**What you will do**:
Type out every entry again, character for character.

**Data for this task**:
----------

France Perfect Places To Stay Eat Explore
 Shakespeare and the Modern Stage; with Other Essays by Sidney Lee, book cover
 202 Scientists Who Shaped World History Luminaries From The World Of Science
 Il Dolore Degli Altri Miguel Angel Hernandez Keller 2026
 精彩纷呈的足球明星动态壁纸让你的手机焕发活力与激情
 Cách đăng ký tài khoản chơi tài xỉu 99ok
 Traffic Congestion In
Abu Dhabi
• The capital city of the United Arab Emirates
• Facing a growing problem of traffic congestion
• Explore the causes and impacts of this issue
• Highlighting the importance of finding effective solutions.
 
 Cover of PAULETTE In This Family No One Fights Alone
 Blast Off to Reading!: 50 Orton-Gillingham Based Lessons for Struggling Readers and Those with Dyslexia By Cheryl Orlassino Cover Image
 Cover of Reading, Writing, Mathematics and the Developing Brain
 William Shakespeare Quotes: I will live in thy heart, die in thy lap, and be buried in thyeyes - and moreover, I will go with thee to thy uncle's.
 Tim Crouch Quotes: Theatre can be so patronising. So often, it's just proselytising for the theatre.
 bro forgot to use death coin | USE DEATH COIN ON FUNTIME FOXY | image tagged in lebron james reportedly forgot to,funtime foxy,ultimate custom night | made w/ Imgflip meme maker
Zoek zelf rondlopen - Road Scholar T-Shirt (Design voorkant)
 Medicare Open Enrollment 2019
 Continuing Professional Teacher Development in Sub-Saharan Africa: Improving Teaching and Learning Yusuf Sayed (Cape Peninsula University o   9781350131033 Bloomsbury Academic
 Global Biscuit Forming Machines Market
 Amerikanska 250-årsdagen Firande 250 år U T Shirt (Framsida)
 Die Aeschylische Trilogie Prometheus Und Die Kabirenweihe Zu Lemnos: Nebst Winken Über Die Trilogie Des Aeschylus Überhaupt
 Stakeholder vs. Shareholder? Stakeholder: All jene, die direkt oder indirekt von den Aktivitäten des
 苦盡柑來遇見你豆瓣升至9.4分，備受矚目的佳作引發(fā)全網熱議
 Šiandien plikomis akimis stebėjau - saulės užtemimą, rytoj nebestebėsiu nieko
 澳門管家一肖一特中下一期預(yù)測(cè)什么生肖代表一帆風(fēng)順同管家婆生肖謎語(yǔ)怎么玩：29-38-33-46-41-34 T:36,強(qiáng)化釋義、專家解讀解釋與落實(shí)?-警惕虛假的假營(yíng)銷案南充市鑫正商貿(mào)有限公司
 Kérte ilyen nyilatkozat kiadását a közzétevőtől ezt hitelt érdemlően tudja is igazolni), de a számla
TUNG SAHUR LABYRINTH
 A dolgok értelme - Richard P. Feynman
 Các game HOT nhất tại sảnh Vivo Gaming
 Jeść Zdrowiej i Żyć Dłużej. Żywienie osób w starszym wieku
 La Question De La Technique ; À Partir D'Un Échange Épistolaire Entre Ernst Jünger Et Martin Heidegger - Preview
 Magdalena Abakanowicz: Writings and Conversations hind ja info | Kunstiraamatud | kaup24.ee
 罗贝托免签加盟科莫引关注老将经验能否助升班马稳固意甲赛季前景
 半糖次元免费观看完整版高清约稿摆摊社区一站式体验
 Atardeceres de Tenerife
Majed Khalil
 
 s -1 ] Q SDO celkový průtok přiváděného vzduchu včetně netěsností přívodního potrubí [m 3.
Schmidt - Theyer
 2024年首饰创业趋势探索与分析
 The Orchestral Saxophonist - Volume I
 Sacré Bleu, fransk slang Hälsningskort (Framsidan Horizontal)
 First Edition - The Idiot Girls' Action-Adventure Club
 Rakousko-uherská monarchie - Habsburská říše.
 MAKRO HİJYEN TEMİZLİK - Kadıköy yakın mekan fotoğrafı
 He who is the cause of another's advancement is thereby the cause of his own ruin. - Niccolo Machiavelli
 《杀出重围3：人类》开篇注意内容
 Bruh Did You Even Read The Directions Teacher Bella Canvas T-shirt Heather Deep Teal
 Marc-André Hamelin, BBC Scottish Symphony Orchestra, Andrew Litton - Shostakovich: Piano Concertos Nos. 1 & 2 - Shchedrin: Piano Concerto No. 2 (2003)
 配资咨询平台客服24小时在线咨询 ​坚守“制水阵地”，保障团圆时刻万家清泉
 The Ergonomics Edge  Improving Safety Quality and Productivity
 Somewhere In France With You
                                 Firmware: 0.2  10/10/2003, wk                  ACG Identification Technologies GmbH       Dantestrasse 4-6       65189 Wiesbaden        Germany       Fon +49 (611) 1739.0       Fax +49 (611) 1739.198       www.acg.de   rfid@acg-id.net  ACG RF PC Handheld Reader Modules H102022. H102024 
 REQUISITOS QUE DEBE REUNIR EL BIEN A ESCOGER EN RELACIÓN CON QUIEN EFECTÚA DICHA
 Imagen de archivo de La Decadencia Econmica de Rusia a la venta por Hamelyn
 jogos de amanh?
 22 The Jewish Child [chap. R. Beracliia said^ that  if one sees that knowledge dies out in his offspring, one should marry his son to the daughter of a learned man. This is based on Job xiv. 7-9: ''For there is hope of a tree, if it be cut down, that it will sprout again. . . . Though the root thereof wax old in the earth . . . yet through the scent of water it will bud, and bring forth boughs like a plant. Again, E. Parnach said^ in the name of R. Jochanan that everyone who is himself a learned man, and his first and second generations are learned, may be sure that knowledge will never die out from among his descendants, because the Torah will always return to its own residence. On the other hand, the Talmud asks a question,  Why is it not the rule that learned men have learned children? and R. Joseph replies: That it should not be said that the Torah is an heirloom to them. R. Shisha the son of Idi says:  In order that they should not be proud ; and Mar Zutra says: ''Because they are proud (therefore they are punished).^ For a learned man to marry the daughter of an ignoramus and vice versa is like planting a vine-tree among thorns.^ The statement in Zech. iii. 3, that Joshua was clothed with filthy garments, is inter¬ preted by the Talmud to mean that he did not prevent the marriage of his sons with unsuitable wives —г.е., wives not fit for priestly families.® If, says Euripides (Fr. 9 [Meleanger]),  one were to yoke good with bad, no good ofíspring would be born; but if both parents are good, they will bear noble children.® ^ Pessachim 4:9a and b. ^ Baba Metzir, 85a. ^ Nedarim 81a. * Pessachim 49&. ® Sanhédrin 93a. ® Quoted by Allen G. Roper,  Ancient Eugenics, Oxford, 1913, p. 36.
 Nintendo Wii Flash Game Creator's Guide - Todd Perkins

----------

**Solution to this task**:
France Perfect Places To Stay Eat Explore
 Shakespeare and the Modern Stage; with Other Essays by Sidney Lee, book cover
 202 Scientists Who Shaped World History Luminaries From The World Of Science
 Il Dolore Degli Altri Miguel Angel Hernandez Keller 2026
 精彩纷呈的足球明星动态壁纸让你的手机焕发活力与激情
 Cách đăng ký tài khoản chơi tài xỉu 99ok
 Traffic Congestion In
Abu Dhabi
• The capital city of the United Arab Emirates
• Facing a growing problem of traffic congestion
• Explore the causes and impacts of this issue
• Highlighting the importance of finding effective solutions.
 
 Cover of PAULETTE In This Family No One Fights Alone
 Blast Off to Reading!: 50 Orton-Gillingham Based Lessons for Struggling Readers and Those with Dyslexia By Cheryl Orlassino Cover Image
 Cover of Reading, Writing, Mathematics and the Developing Brain
 William Shakespeare Quotes: I will live in thy heart, die in thy lap, and be buried in thyeyes - and moreover, I will go with thee to thy uncle's.
 Tim Crouch Quotes: Theatre can be so patronising. So often, it's just proselytising for the theatre.
 bro forgot to use death coin | USE DEATH COIN ON FUNTIME FOXY | image tagged in lebron james reportedly forgot to,funtime foxy,ultimate custom night | made w/ Imgflip meme maker
Zoek zelf rondlopen - Road Scholar T-Shirt (Design voorkant)
 Medicare Open Enrollment 2019
 Continuing Professional Teacher Development in Sub-Saharan Africa: Improving Teaching and Learning Yusuf Sayed (Cape Peninsula University o   9781350131033 Bloomsbury Academic
 Global Biscuit Forming Machines Market
 Amerikanska 250-årsdagen Firande 250 år U T Shirt (Framsida)
 Die Aeschylische Trilogie Prometheus Und Die Kabirenweihe Zu Lemnos: Nebst Winken Über Die Trilogie Des Aeschylus Überhaupt
 Stakeholder vs. Shareholder? Stakeholder: All jene, die direkt oder indirekt von den Aktivitäten des
 苦盡柑來遇見你豆瓣升至9.4分，備受矚目的佳作引發(fā)全網熱議
 Šiandien plikomis akimis stebėjau - saulės užtemimą, rytoj nebestebėsiu nieko
 澳門管家一肖一特中下一期預(yù)測(cè)什么生肖代表一帆風(fēng)順同管家婆生肖謎語(yǔ)怎么玩：29-38-33-46-41-34 T:36,強(qiáng)化釋義、專家解讀解釋與落實(shí)?-警惕虛假的假營(yíng)銷案南充市鑫正商貿(mào)有限公司
 Kérte ilyen nyilatkozat kiadását a közzétevőtől ezt hitelt érdemlően tudja is igazolni), de a számla
TUNG SAHUR LABYRINTH
 A dolgok értelme - Richard P. Feynman
 Các game HOT nhất tại sảnh Vivo Gaming
 Jeść Zdrowiej i Żyć Dłużej. Żywienie osób w starszym wieku
 La Question De La Technique ; À Partir D'Un Échange Épistolaire Entre Ernst Jünger Et Martin Heidegger - Preview
 Magdalena Abakanowicz: Writings and Conversations hind ja info | Kunstiraamatud | kaup24.ee
 罗贝托免签加盟科莫引关注老将经验能否助升班马稳固意甲赛季前景
 半糖次元免费观看完整版高清约稿摆摊社区一站式体验
 Atardeceres de Tenerife
Majed Khalil
 
 s -1 ] Q SDO celkový průtok přiváděného vzduchu včetně netěsností přívodního potrubí [m 3.
Schmidt - Theyer
 2024年首饰创业趋势探索与分析
 The Orchestral Saxophonist - Volume I
 Sacré Bleu, fransk slang Hälsningskort (Framsidan Horizontal)
 First Edition - The Idiot Girls' Action-Adventure Club
 Rakousko-uherská monarchie - Habsburská říše.
 MAKRO HİJYEN TEMİZLİK - Kadıköy yakın mekan fotoğrafı
 He who is the cause of another's advancement is thereby the cause of his own ruin. - Niccolo Machiavelli
 《杀出重围3：人类》开篇注意内容
 Bruh Did You Even Read The Directions Teacher Bella Canvas T-shirt Heather Deep Teal
 Marc-André Hamelin, BBC Scottish Symphony Orchestra, Andrew Litton - Shostakovich: Piano Concertos Nos. 1 & 2 - Shchedrin: Piano Concerto No. 2 (2003)
 配资咨询平台客服24小时在线咨询 ​坚守“制水阵地”，保障团圆时刻万家清泉
 The Ergonomics Edge  Improving Safety Quality and Productivity
 Somewhere In France With You
                                 Firmware: 0.2  10/10/2003, wk                  ACG Identification Technologies GmbH       Dantestrasse 4-6       65189 Wiesbaden        Germany       Fon +49 (611) 1739.0       Fax +49 (611) 1739.198       www.acg.de   rfid@acg-id.net  ACG RF PC Handheld Reader Modules H102022. H102024 
 REQUISITOS QUE DEBE REUNIR EL BIEN A ESCOGER EN RELACIÓN CON QUIEN EFECTÚA DICHA
 Imagen de archivo de La Decadencia Econmica de Rusia a la venta por Hamelyn
 jogos de amanh?
 22 The Jewish Child [chap. R. Beracliia said^ that  if one sees that knowledge dies out in his offspring, one should marry his son to the daughter of a learned man. This is based on Job xiv. 7-9: ''For there is hope of a tree, if it be cut down, that it will sprout again. . . . Though the root thereof wax old in the earth . . . yet through the scent of water it will bud, and bring forth boughs like a plant. Again, E. Parnach said^ in the name of R. Jochanan that everyone who is himself a learned man, and his first and second generations are learned, may be sure that knowledge will never die out from among his descendants, because the Torah will always return to its own residence. On the other hand, the Talmud asks a question,  Why is it not the rule that learned men have learned children? and R. Joseph replies: That it should not be said that the Torah is an heirloom to them. R. Shisha the son of Idi says:  In order that they should not be proud ; and Mar Zutra says: ''Because they are proud (therefore they are punished).^ For a learned man to marry the daughter of an ignoramus and vice versa is like planting a vine-tree among thorns.^ The statement in Zech. iii. 3, that Joshua was clothed with filthy garments, is inter¬ preted by the Talmud to mean that he did not prevent the marriage of his sons with unsuitable wives —г.е., wives not fit for priestly families.® If, says Euripides (Fr. 9 [Meleanger]),  one were to yoke good with bad, no good ofíspring would be born; but if both parents are good, they will bear noble children.® ^ Pessachim 4:9a and b. ^ Baba Metzir, 85a. ^ Nedarim 81a. * Pessachim 49&. ® Sanhédrin 93a. ® Quoted by Allen G. Roper,  Ancient Eugenics, Oxford, 1913, p. 36.
 Nintendo Wii Flash Game Creator's Guide - Todd Perkins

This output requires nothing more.